The project »MaTBiZ« thus contributes to innovative preliminary research: we develop models and simulation tools as well as high-precision additive manufacturing methods for new applications. The goal here is to develop a system for separating cells that is:

  • rationally designed
  • cost-effective in application
  • easily scalable
  • quickly transferable to other cell types.

Simulation – 3D model – Experiments

In the first step, we digitally model the microstructure of the separation medium and simulate the transport as well as the interaction of living cells, i.e. corresponding cell particles, with a functionalized surface.

Based on the simulations, we evaluate the microstructure and identify possible optimization potentials. A (stochastic) modeling makes it possible to quickly adapt the structure to desired properties and to analyze many characteristics of the microstructures (strut shape, pore size distribution, internal surface). One can also consider designs which can not be manufactured yet or which deviate strongly from previous designs.

3D-Druck Mikrostruktur
© Fraunhofer ITWM
3D-Druck Mikrostruktur: Die Strukturen sind im Original 1.2 x 1.2 x 1.2 mm groß.
Exemplary foam structure with concave rib shape.
© Fraunhofer ITWM
Exemplary foam structure with concave rib shape.

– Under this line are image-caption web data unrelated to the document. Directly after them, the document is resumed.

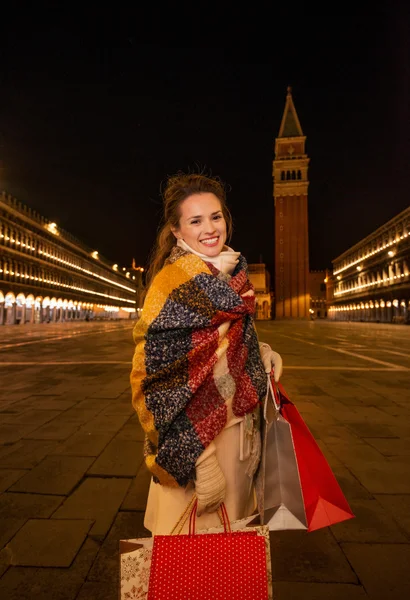 Kobieta w płaszcz zimowy z torby na zakupy na Piazza San Marco — Zdjęcie stockowe
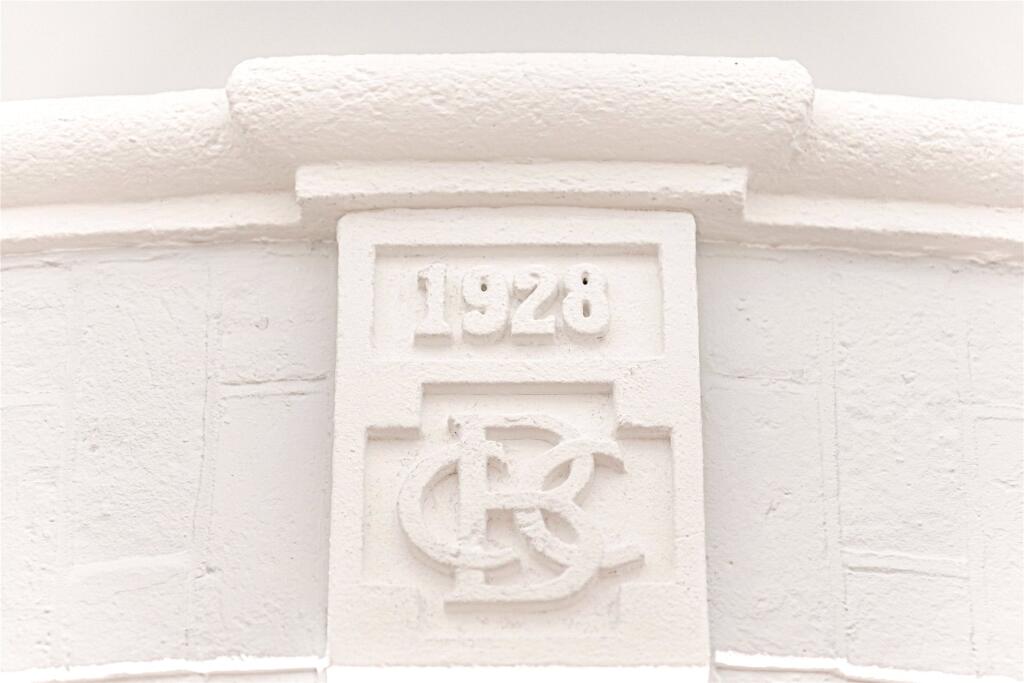Crest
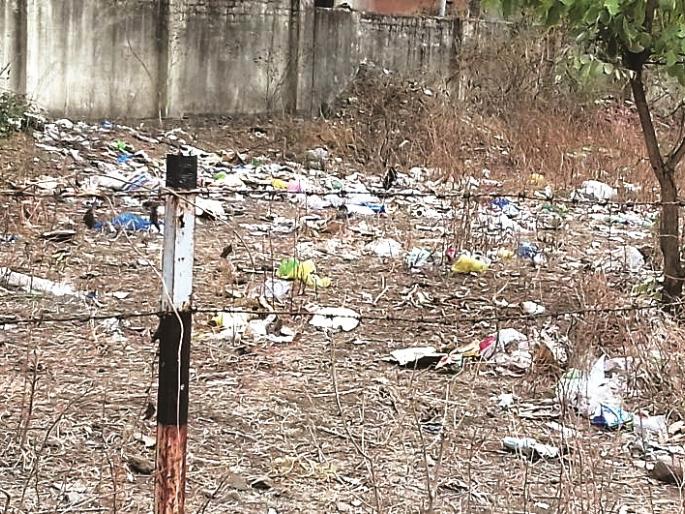 Garbages, waste water on roads in Buldhana city | बुलडाण्यात अस्वच्छतेचा कळस; जागोजागी कचऱ्यांचे ढीग Garbages, waste water on roads in Buldhana city | बुलडाण्यात अस्वच्छतेचा कळस; जागोजागी कचऱ्यांचे ढीग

A suitable parameterization of the microstructure enables us to investigate the influence of individual parameters on the target variables and to provide an accurate description of the geometry for 3D printing. Different properties of individual designs can thus also potentially be combined with each other (e.g. in layers) or merged into each other, providing a further opportunity to optimize the filter medium.

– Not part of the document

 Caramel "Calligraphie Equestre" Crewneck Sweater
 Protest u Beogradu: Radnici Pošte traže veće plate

With the aid of 3D printing processes, digital microstructures that produce promising results in the simulations can be produced as prototypes with high fidelity. After suitable functionalization of the surface, these can be used in experiments to compare the simulation results with reality.

Interdepartmental Expertise  

In the project »MaTBiZ«, we combine methods and competences from different research areas. For this reason, three departments of the Fraunhofer ITWM are involved in the project, each contributing their respective expertise:


Example: Filter Media With Foam Structure

In this project, we are looking at foam-like filter media,  because of their high connectivity, which makes them highly suitable for 3D printing. In previous work by the department »Image Processing« in collaboration with Prof. Dr. Claudia Redenbach's chair at RPTU Kaiserslautern-Landau, we have so far investigated the modeling of realistic distributions of cell shape and size.

Preliminary Research on the Separation of Cells

If different cell types of a cell culture are to be separated from each other, a selection procedure is required that can distinguish between at least two cell populations. Systems that realize cell separation in flow-through channels simplify the handling and scalability of such separation problems. Here, the department »Flow and Material Simulation« contributes its experience from the project AMSCHA.

Simulation of Flow and Cell Separation

The simulation of flow through porous structures and the adhesion of cells to a functionalized surface can be implemented on different scales and with different methods. Previous research investigating this phenomenon has mostly considered the interaction of a single cell or particle with a (flat) surface. In the BMBF project AMSCHA, we have investigated the adhesion of cells to a functionalized surface in deterministic and stochastic microstructures using simulations. »MaTBiZ« will further build on these findings.

3D Printing Validates Microstructure Simulation

Microstructures that result from numerical optimization can only be additively manufactured in a meaningful way. The additive process must be able to faithfully realize both the relevant pore sizes of less than 100 μm and wall thicknesses in the range of a few μm. The only method that currently meets these criteria is 3D laser lithography using two-photon polymerization. This expertise is contributed by our department »Materials Characterization and Testing«. 3D printing also validates our simulations in the project »ViDestoP« (Virtual Design Chain and Stochastic Prototyping of Nonwovens).